To do - The lines you should transcribe are those from the one containing "OdrillionGems Triple Crystal" to the end of the listing below, exactly, with pictures left out.

Recorded information -
________________________
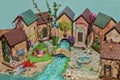 City of toy buildings . beautiful toy castle . paper mache houses. Royalty Free Stock Photo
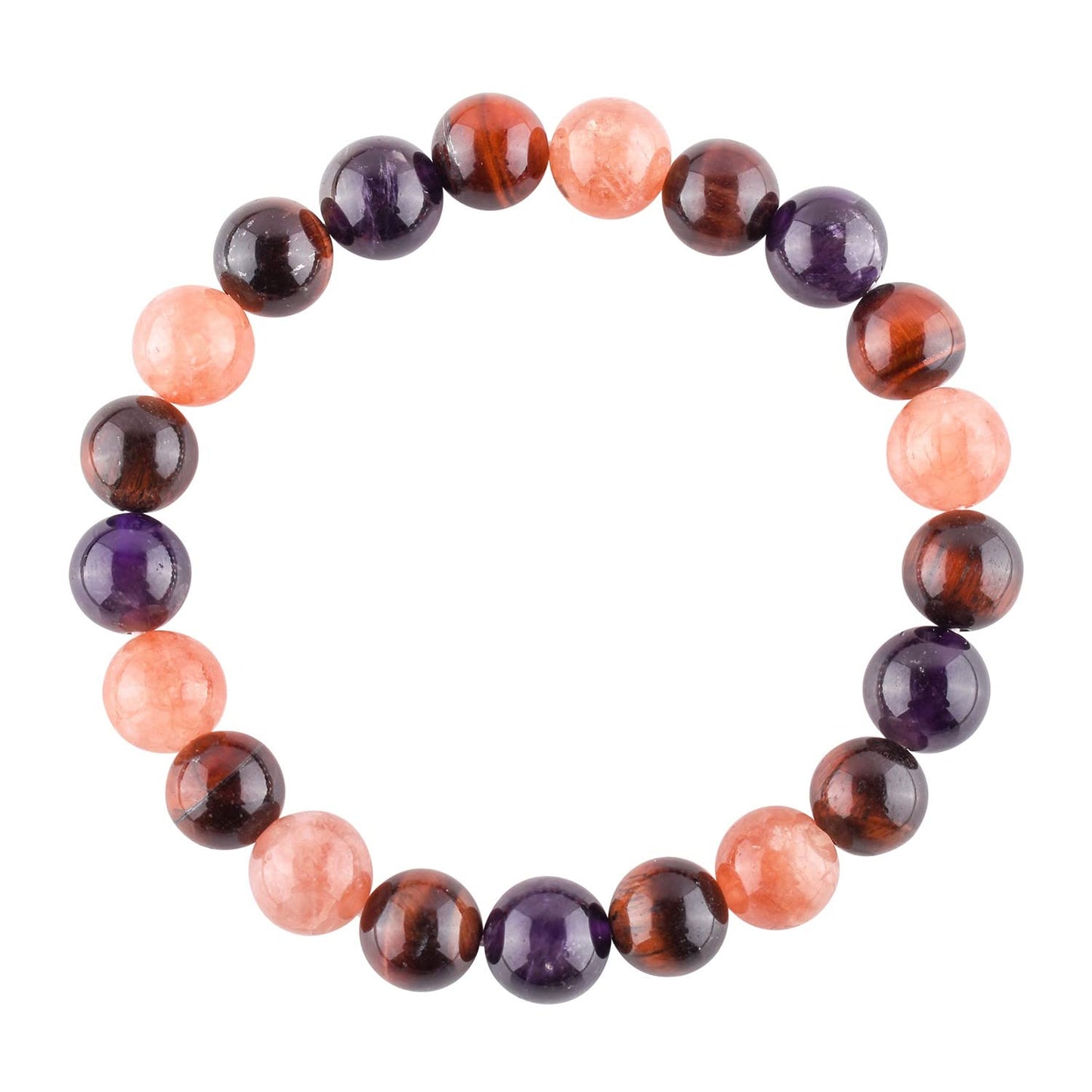 OdrillionGems Triple Crystal Healing Bracelet - Sunstone - Red Tiger's Eye - Amethyst Handmade Bracelet Stretchable Genuine Round Beaded 10mm Unisex Jewelry Chakra Stones - Yoga - Energy - Spiritual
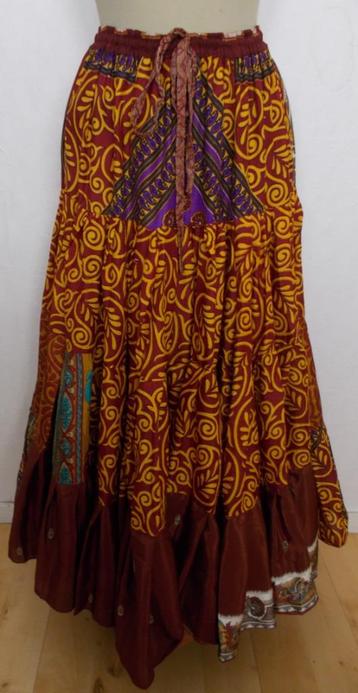 Prachtige 100% silk maxi stroken rok made in India! M beschikbaar voor biedingen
________________________
Your solution -
 OdrillionGems Triple Crystal Healing Bracelet - Sunstone - Red Tiger's Eye - Amethyst Handmade Bracelet Stretchable Genuine Round Beaded 10mm Unisex Jewelry Chakra Stones - Yoga - Energy - Spiritual
 Prachtige 100% silk maxi stroken rok made in India! M beschikbaar voor biedingen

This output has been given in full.